The US merchant fleet has already gone poof. According to Wikipedia "As of 31 December 2016, the United States merchant fleet had 175 privately owned, oceangoing, self-propelled vessels of 1,000 gross register tons and above that carry cargo from port to port. " The list is likely even shorter today.


Jones Act is what is keeping that tiny fleet alive on life support. It would likely approach ZERO outside the Great Lakes without the act.

Jones Act is not what killed the US Merchant Marine Fleet. Globalization is what killed it.


You see an emaciated man being fed a few grains of rice per day, someone says to stop the policy of feeding the man only a few grains of rice per day, and you argue "we can't stop feeding him these few grains of rice per day, they are the only thing keeping him alive!"

The Jones Act made sense when it was implemented in the 1920s while America was the world's leading ship builder, the shipping industry was heavily subsidized, and there was no alternative to shipping things by water. But after the subsidies stopped, and shipbuilding in america started to lose its competitiveness, and we built a massive interstate highway system that made transport by truck economical, the Jones Act proved far too restrictive. The more expensive domestic water shipping got, the less demand there was for ships, the less demand there was for ships, the more it cost to build ships domestically, the more it cost to build ships domestically, the more expensive domestic water shipping got.

There are alternative and better ways to keep the us merchant fleet alive, and even make it thrive, than keeping the current status quo which is obviously not working.


>Jones Act is not what killed the US Merchant Marine Fleet. Globalization is what killed it.

"Protectionism isn't what killed the US industry. Having any overseas competition whatsoever is what killed the US industry." This is farcical.

If globalisation is when the market lacks protectionism and as a result the manufacturing all moves to cheaper shores, then this was not globalisation by dint of US shipbuilding having abundant protectionism.


Sorry to ask, are not any gas pipelines in US? In Europa there is a huge network of pipelines moving gas around in any direction.

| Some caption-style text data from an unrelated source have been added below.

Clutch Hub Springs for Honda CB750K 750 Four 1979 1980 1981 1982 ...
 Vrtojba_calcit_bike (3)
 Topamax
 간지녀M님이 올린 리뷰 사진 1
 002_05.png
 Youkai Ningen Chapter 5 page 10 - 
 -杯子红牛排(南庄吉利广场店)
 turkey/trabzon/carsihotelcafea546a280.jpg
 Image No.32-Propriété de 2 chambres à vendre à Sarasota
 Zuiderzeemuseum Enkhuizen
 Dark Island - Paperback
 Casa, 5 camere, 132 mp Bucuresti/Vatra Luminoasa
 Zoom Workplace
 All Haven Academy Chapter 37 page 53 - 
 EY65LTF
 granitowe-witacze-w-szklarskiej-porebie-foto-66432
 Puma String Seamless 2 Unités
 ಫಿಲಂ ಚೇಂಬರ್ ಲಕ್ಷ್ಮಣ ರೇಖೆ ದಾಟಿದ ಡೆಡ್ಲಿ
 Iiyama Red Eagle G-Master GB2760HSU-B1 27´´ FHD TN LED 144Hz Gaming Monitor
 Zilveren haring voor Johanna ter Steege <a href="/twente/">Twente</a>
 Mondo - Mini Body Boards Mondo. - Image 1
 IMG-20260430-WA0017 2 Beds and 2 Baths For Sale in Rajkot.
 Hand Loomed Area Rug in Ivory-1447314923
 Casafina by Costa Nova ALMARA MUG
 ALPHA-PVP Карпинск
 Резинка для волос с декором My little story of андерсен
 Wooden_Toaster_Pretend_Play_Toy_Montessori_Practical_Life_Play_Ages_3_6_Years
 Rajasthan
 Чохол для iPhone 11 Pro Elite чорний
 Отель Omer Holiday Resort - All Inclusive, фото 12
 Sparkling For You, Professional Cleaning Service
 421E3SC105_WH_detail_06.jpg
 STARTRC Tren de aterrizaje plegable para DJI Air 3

There is but there isn't enough capacity in particular over the Rockies. So LNG ships are needed to help move what pipelines can't.


The problem is that the US fleet is minuscule.

The entire US Jones act compliant fleet comprises 60 vessels. It is not a great civilian navy.

https://www.maritime.dot.gov/sites/marad.dot.gov/files/2021-...


I think the argument among the anti-Jones contingent is that our only real hope of having a globally competitive shipbuilding industry is to repeal it and all the other things preventing our shipyards and merchant marine from having incentive to compete globally. As it is, there is a slow trickle of work for domestic shipyards that is based solely on policy (ships that legally HAVE to be US-made, whether for Jones Act reasons or military reasons). Without that protectionism, they would have to build ships at a quality, price, and timetable that is competitive with the rest of the world.

I'm not super sympathetic to arguments that presuppose the absolute requirement that US hegemony continue indefinitely, but certainly if you are trying to make sure your shipbuilders will be roughly as good as foreign ones or better (a reasonable policy goal, even leaving out military reasoning), cutting them off from competition with those foreign shipyards is not going to result in what you want. If there is a ready market for expensive, poor quality ships that take years longer to build than they do abroad, why would I as a shipbuilding executive invest to improve on any of those metrics? It would be wasted money, because my existing capital and workforce are already 100% utilized in high-margin activities, with orders stretching out years into the future.


More realistically without the Jones act, ships wouldn't be built or operated by the US at all. International vendors can do this cheaper.

You'd instead see all domestic shipping be entirely dependant on third-party international operators paying third-world wages to third-world crews, and you'd have next to zero recourse against them if they, say, run one of their ships into a bridge, or spill a few million litres of oil.


They already are not built in the US at all. This is already true today. We already build less than one oceangoing Jones Act compliant ship a year. The US shipbuilding industry can hardly get any worse than it already is today.


My point is that it wouldn't get any better. Anyone blaming the Jones Act for this completely misidentified the root cause.

There are a few good reasons to repeal the Jones Act (reduce shipping and trade costs in Hawaii, Alaska, and Puerto Rico) and a lot of really bad ones (the domestic shipping industry will be completely killed, and you're inviting unbounded liability from unregulated, fly-by-night international actors who don't give two craps about our laws.)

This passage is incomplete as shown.